§ **Task description**:
Would you reproduce the whole listing exactly, minus its images?

Start of Data segment

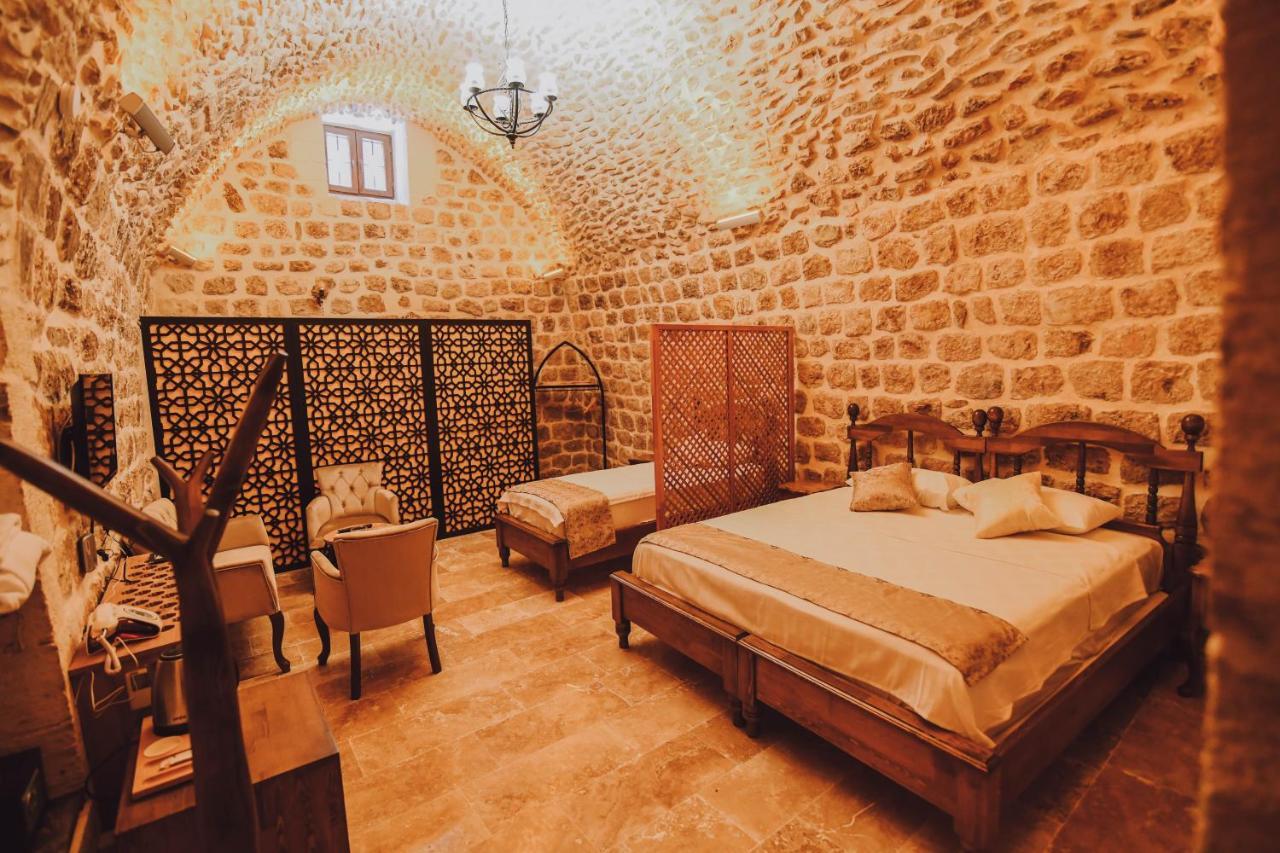 Hanedan Konagi Butik Otel Deluxe King Triple Room Anka Mardin Exterior photo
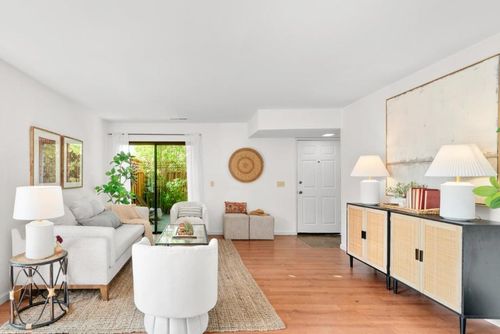 153 Peach Ter, Santa Cruz, CA, 95060-3229 | Card Image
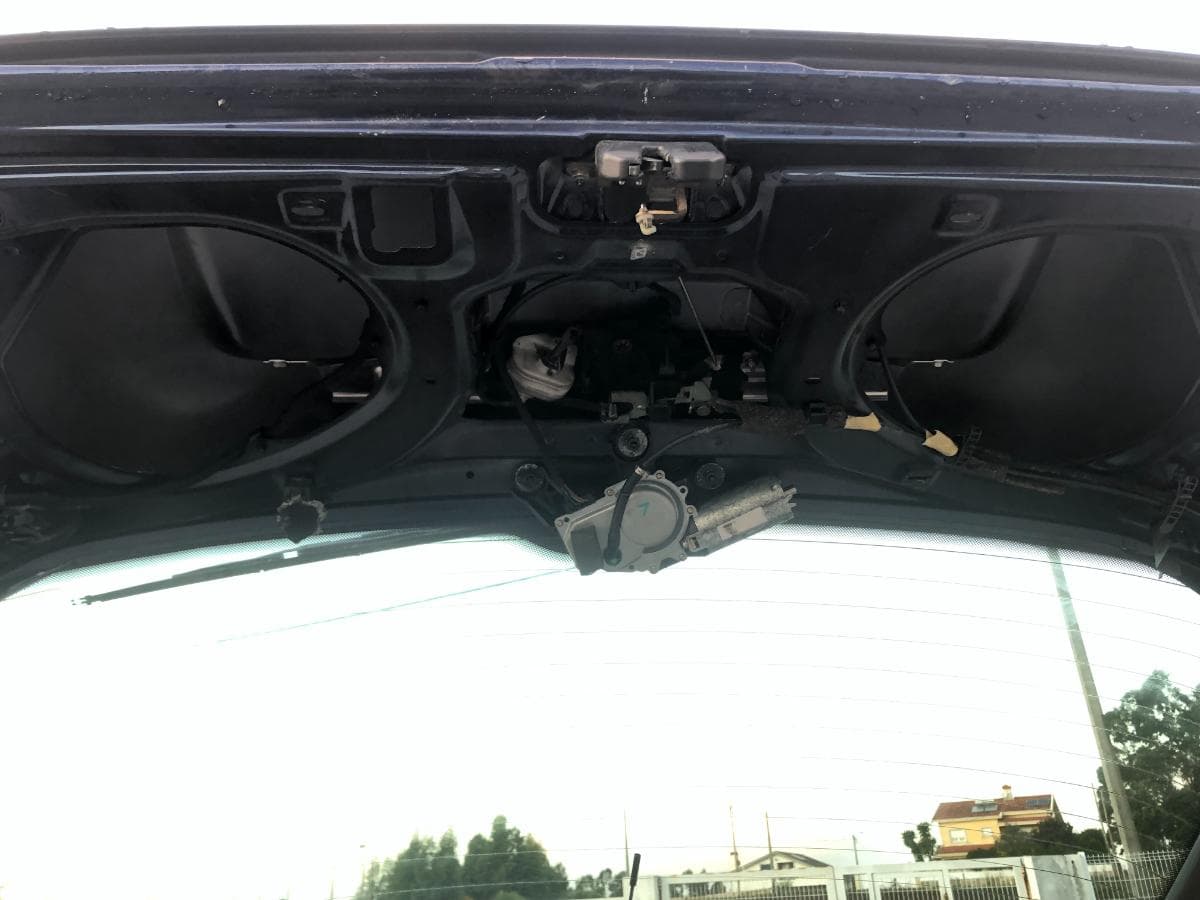 Audi  A4 · Ano 2001     89-07-SB · Paredes — imagem 10
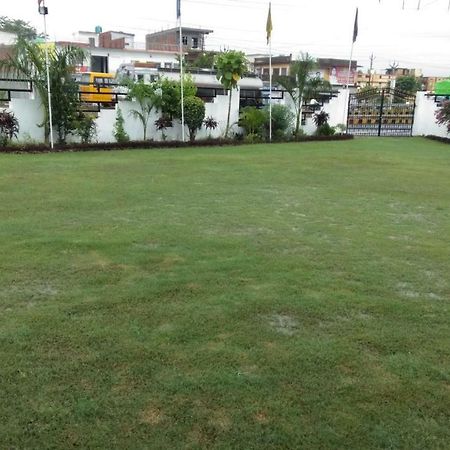Hotel The Ideal Kushinagar Екстериор снимка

End of Data segment

§ **Response to this exercise**:
 Hanedan Konagi Butik Otel Deluxe King Triple Room Anka Mardin Exterior photo
 153 Peach Ter, Santa Cruz, CA, 95060-3229 | Card Image
 Audi  A4 · Ano 2001     89-07-SB · Paredes — imagem 10
Hotel The Ideal Kushinagar Екстериор снимка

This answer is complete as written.